The study of gender politics and issues has been central to my education for as long as I can remember. I was a bit of a gender bender, traditionally speaking, in elementary and middle school. I always had very short hair and was a bit boyish, though not in the least bit athletic, and I didn't mind at all the corresponding ostracism that it always seemed to bring me. I was preternaturally self-assured, which I credit to my mother's need to stress the incredible importance of self acceptance from a very early age. In high school and college, all of my papers relating to "issues" usually linked themselves to my abhorrence for homophobia and gender inequity. I read Susan Brownmiller, Margaret Atwood, Susan Sontag, Inga Muscio, on and on, and I was obsessed.

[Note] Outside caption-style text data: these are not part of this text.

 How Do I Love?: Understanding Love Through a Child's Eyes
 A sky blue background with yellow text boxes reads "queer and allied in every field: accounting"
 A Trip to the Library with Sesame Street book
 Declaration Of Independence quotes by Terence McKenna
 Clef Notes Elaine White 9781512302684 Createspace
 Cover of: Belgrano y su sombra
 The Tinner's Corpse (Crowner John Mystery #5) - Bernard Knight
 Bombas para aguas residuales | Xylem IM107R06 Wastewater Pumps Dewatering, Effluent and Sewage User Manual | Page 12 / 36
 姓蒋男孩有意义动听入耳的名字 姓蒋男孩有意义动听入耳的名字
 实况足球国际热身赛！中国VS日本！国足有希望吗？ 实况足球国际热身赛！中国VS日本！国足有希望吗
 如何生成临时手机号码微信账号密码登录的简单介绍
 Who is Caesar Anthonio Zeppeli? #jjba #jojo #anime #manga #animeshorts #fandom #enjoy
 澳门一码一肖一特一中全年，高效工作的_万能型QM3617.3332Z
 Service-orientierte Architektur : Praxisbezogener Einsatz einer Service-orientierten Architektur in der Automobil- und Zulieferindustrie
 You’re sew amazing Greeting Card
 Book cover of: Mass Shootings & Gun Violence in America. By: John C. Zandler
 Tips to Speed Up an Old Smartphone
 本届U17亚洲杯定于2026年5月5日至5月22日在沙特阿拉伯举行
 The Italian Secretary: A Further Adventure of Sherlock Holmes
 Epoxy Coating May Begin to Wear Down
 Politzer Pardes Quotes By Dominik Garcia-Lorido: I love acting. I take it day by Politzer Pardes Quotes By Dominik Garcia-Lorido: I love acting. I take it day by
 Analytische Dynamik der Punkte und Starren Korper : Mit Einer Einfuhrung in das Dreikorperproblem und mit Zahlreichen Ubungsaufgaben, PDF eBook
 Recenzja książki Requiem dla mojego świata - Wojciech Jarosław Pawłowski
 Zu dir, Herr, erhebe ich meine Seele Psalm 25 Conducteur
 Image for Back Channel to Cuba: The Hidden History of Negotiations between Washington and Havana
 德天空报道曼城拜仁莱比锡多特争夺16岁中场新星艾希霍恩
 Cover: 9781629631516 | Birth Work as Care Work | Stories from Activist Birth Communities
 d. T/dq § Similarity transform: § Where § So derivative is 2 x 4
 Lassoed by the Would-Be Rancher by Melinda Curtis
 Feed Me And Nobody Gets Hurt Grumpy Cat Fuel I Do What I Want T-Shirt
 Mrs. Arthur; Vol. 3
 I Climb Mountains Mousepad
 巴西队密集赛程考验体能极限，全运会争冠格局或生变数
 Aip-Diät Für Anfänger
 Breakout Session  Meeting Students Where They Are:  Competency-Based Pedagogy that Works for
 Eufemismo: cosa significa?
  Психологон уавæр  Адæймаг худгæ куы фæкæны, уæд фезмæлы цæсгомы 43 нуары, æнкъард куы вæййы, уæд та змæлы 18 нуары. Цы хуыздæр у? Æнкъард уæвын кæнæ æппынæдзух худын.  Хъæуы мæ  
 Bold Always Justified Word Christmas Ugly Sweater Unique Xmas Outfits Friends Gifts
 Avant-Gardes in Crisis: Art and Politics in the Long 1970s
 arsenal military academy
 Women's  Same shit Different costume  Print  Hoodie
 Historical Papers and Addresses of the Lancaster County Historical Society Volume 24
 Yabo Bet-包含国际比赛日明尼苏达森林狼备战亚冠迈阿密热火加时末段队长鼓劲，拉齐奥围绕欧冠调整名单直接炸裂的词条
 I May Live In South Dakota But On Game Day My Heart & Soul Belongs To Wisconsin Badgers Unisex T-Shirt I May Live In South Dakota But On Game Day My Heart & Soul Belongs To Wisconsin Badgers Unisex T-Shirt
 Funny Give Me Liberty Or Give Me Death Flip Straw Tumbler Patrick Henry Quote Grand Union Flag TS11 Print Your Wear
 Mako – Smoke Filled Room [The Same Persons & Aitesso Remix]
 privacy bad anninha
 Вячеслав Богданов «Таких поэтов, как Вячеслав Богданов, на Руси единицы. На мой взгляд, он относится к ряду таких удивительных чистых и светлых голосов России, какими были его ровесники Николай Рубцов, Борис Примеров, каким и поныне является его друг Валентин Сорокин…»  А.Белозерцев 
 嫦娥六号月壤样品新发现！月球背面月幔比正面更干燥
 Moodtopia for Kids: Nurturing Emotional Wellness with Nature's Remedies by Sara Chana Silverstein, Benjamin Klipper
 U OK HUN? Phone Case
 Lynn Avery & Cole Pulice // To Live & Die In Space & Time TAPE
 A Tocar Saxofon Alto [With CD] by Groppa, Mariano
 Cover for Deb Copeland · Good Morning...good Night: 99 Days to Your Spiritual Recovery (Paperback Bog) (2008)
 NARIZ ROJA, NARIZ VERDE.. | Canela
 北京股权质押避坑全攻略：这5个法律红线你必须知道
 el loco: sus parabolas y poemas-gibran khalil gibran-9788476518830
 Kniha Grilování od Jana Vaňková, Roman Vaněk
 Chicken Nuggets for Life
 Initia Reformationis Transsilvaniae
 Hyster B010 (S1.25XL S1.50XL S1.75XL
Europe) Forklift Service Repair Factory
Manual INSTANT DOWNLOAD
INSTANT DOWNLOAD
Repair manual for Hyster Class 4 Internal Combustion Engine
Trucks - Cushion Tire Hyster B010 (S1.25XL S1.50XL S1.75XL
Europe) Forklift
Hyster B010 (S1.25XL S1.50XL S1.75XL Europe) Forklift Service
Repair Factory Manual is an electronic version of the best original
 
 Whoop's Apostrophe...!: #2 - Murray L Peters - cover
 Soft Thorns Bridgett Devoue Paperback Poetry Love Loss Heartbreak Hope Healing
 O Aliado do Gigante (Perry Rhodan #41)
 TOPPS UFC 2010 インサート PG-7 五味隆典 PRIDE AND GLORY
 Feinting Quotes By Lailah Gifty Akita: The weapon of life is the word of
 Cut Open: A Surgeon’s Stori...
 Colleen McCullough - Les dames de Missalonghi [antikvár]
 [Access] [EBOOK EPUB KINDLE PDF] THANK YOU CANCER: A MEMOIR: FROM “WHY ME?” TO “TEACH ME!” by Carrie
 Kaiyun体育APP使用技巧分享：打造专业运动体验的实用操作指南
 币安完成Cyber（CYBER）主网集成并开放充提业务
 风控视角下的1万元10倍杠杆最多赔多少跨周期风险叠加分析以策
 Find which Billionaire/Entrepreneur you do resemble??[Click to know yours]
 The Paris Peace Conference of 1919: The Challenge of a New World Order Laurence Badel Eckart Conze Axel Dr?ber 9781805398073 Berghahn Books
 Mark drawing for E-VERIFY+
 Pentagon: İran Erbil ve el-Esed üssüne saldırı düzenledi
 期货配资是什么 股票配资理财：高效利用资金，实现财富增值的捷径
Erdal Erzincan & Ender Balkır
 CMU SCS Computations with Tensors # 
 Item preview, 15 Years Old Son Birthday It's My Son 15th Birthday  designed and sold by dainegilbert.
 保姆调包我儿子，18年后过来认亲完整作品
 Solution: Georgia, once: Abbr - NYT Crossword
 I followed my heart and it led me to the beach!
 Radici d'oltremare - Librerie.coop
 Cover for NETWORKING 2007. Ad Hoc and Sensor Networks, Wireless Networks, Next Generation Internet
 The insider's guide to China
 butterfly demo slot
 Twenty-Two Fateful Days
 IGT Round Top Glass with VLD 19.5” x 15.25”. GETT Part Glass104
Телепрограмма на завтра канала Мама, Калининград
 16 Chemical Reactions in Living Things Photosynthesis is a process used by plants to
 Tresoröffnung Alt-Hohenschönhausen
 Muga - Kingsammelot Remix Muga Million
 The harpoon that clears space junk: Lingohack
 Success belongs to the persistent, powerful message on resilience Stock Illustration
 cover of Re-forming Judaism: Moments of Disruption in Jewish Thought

Though I was planning to major in English Literature, I knew, on a personal level, that gender politics would always come before my love of Walt Whitman, T.S. Eliot, Kant, Goethe, and the like, so here we are.
I had been aware of my peers trying to push me into constructed gender roles, but I was privileged enough to have progressive parents who did just the opposite, letting me dig around in the dirt wearing overalls practically from the time I could walk. The idea that other people weren't afforded this opportunity, to live outside of culturally constructed gender roles, was extremely bothersome to me, although I didn't really consider the consequences concerning deviation from traditional masculine gender roles until I met my boyfriend. His influence, as he is frankly often more sensitive than I am and has suffered the consequences from his peers not being receptive to this perceived "softness," has led me to view gender-based social constructs as detrimental by both tokens.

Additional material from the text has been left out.